Please be clear with her, hopefully it improves, but it is no good the children getting attached to her, and you being unhappy. Good luck.

Summersoon Wed 09-Sep-09 15:25:19

"She said, in a minute, I am still drinking my coffee. I told her to get on with it and that breakfast was finished but that she could for this time finish her coffee whilst loading the dishwasher. I found her behaviour unacceptable and did tell her that and that I am not late for work/meetings saying sorry I am late I had to finish my coffee." shock
That seems pretty harsh and unfriendly to me. Sure, if you were going into a client meeting, you would not delay to drink your coffee but in a home environment? Does 5 minutes really matter so much?
And I must say, that as a relatively young girl, I would be very, very unlikely to speak my mind if asked to by someone as apparently rigid and strict as you, for fear of having any grumbles or concerns thrown right back in my face.

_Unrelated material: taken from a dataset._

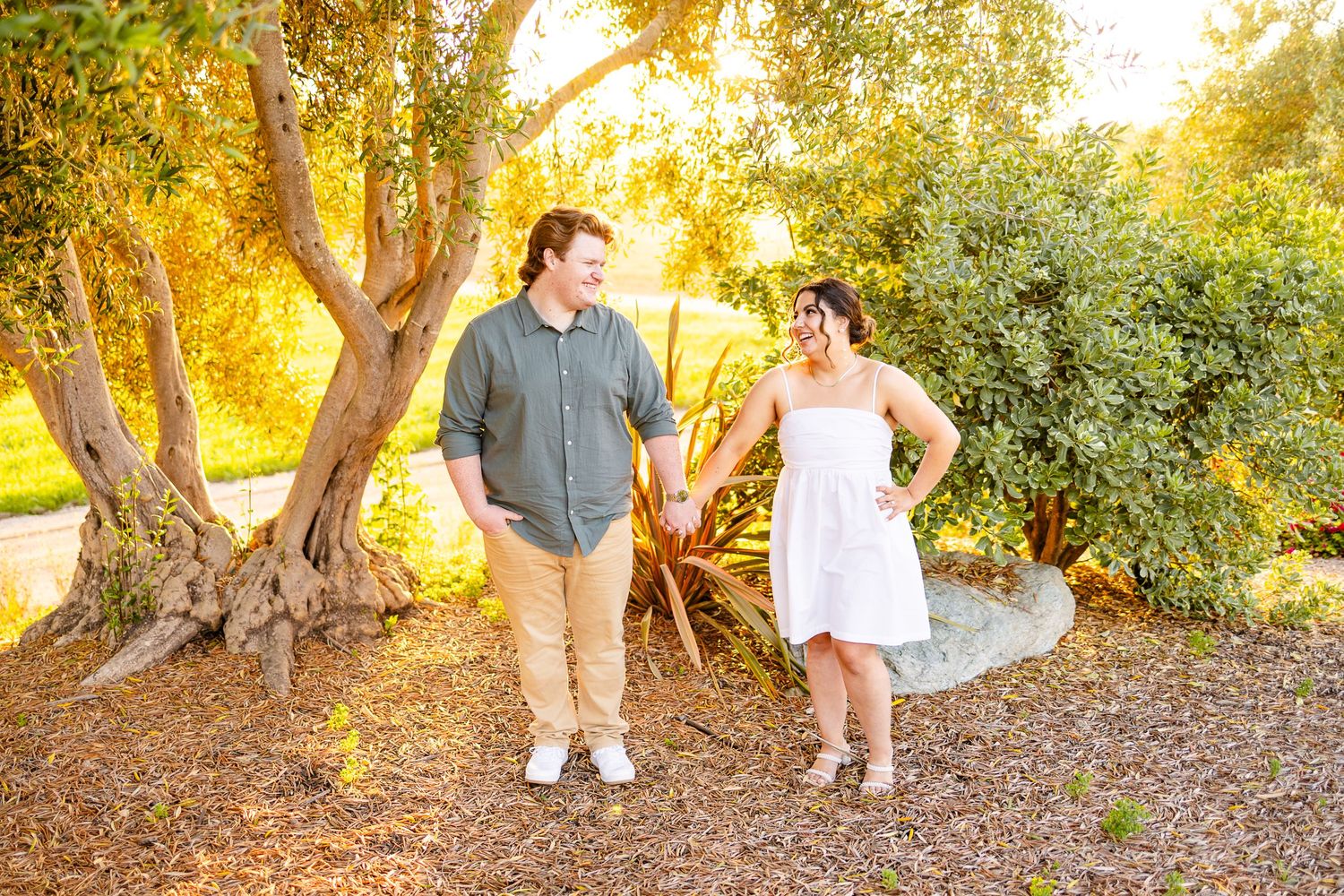 Happy couple walking together on gravel path surrounded by trees in warm evening light.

catepilarr Wed 09-Sep-09 22:22:24

omg at the coffee situation - i would not want to work in a family who does not allow me to finish my breakfast in peace!

nbee84 Wed 09-Sep-09 22:40:34

Understandable if you wanted her to take over the childcare so you could leave for work, but unreasonable not to let her finish her coffee so that she could load the dishwasher shock and to let her 'to get on with it and that breakfast was finished but that she could for this time finish her coffee whilst loading the dishwasher' That sounds more like slave than AP to me!!!